** Available records follows **
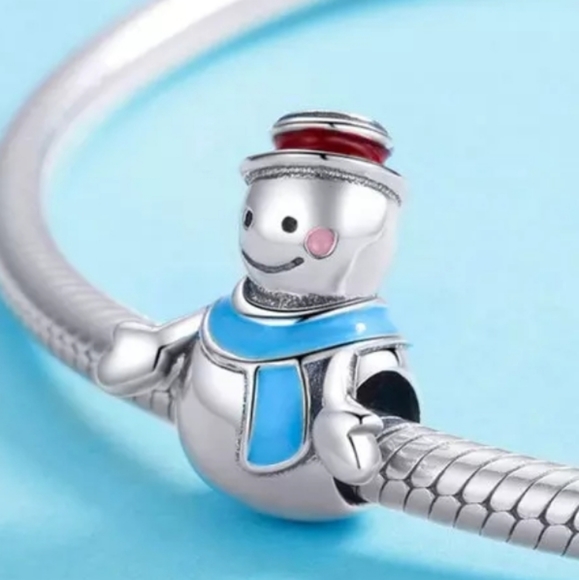 925 Sterling Silver Snowman Enamel Pendant Charm - Picture 6 of 6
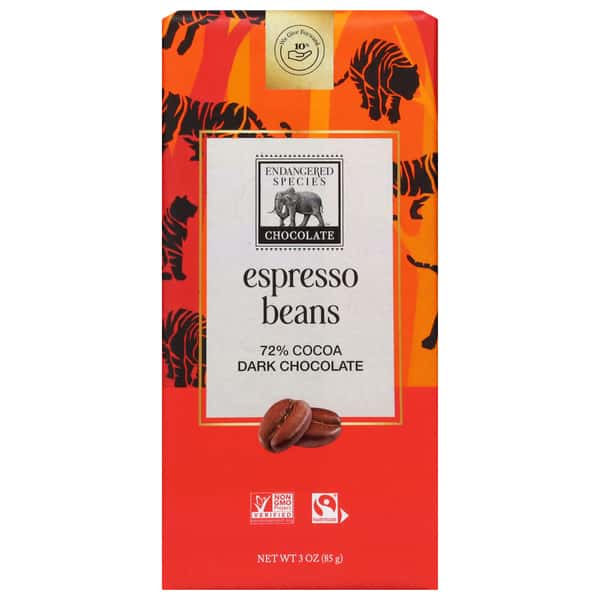 Endangered Species Chocolate Natural Dark Chocolate With Espresso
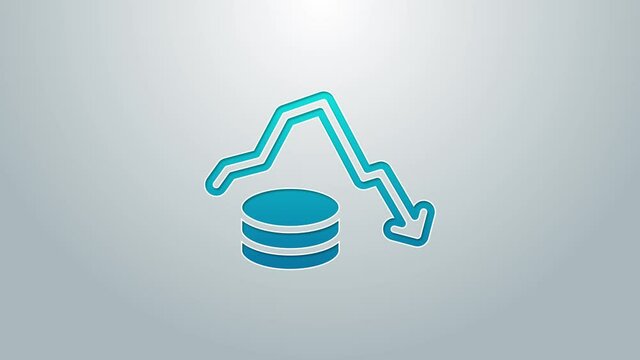 Blue line Dollar rate decrease icon isolated on grey background. Cost reduction. Money symbol with down arrow. Business lost crisis decrease. 4K Video motion graphic animation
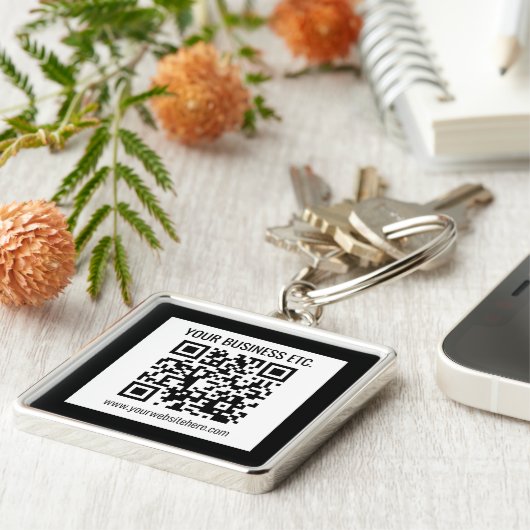 Ihr Firmenname und Ihr bearbeitbarer QR-Code Schlüsselanhänger (Seite)
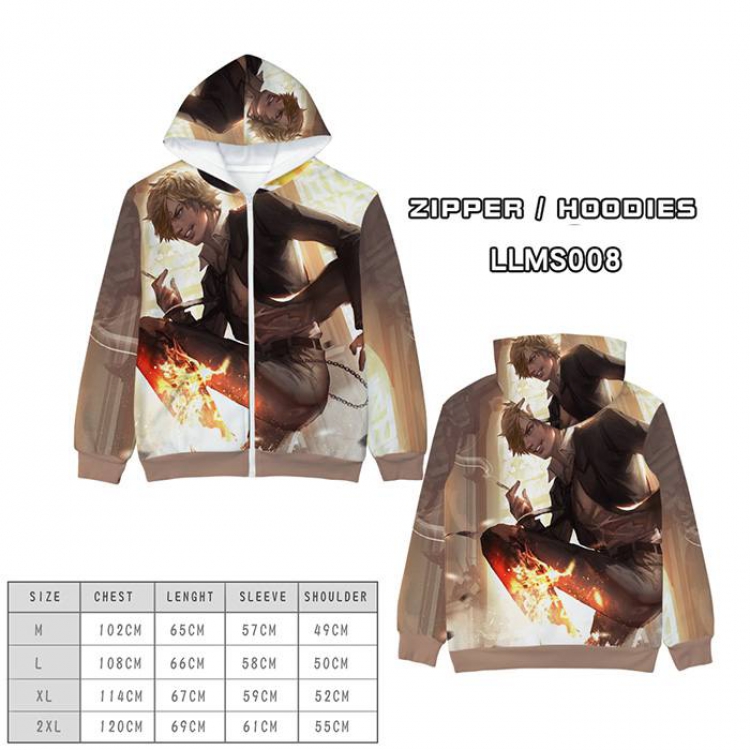 One Piece Anime full color zipper hooded sweater M L XL 2XL-LLMS008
** End of Available records **
◆ Work required
Please give again the entries word for word, starting at the first line and ending with the line that contains "Endangered Species Chocolate"; include both of those lines but none of the pictures.

◆ Written solution
 925 Sterling Silver Snowman Enamel Pendant Charm - Picture 6 of 6
 Endangered Species Chocolate Natural Dark Chocolate With Espresso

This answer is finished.